*** Opening SUPPLIED MATERIAL ***
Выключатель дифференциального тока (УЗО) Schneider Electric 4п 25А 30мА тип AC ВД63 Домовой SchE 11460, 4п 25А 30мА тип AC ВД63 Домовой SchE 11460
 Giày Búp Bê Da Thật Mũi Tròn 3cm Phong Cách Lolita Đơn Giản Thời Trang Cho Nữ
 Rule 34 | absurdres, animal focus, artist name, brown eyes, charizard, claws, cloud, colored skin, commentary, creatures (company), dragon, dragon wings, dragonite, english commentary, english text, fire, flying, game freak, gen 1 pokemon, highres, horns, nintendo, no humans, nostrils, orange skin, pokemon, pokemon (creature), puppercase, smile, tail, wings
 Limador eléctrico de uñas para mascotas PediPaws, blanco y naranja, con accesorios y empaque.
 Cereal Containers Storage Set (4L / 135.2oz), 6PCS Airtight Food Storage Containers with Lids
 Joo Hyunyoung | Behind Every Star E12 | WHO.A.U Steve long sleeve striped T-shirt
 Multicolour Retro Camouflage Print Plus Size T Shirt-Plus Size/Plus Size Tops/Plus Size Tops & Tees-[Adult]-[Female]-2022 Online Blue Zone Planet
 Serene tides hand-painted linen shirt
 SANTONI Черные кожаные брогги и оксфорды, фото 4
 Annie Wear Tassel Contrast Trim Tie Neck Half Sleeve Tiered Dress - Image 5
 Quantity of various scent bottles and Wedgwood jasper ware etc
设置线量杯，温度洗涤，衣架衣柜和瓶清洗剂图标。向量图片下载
*** Closing SUPPLIED MATERIAL ***
= TASK =
Keep only the lines from the one containing "Limador eléctrico de" through the final line of the records, and transcribe them exactly.

= TASK RESPONSE =
 Limador eléctrico de uñas para mascotas PediPaws, blanco y naranja, con accesorios y empaque.
 Cereal Containers Storage Set (4L / 135.2oz), 6PCS Airtight Food Storage Containers with Lids
 Joo Hyunyoung | Behind Every Star E12 | WHO.A.U Steve long sleeve striped T-shirt
 Multicolour Retro Camouflage Print Plus Size T Shirt-Plus Size/Plus Size Tops/Plus Size Tops & Tees-[Adult]-[Female]-2022 Online Blue Zone Planet
 Serene tides hand-painted linen shirt
 SANTONI Черные кожаные брогги и оксфорды, фото 4
 Annie Wear Tassel Contrast Trim Tie Neck Half Sleeve Tiered Dress - Image 5
 Quantity of various scent bottles and Wedgwood jasper ware etc
设置线量杯，温度洗涤，衣架衣柜和瓶清洗剂图标。向量图片下载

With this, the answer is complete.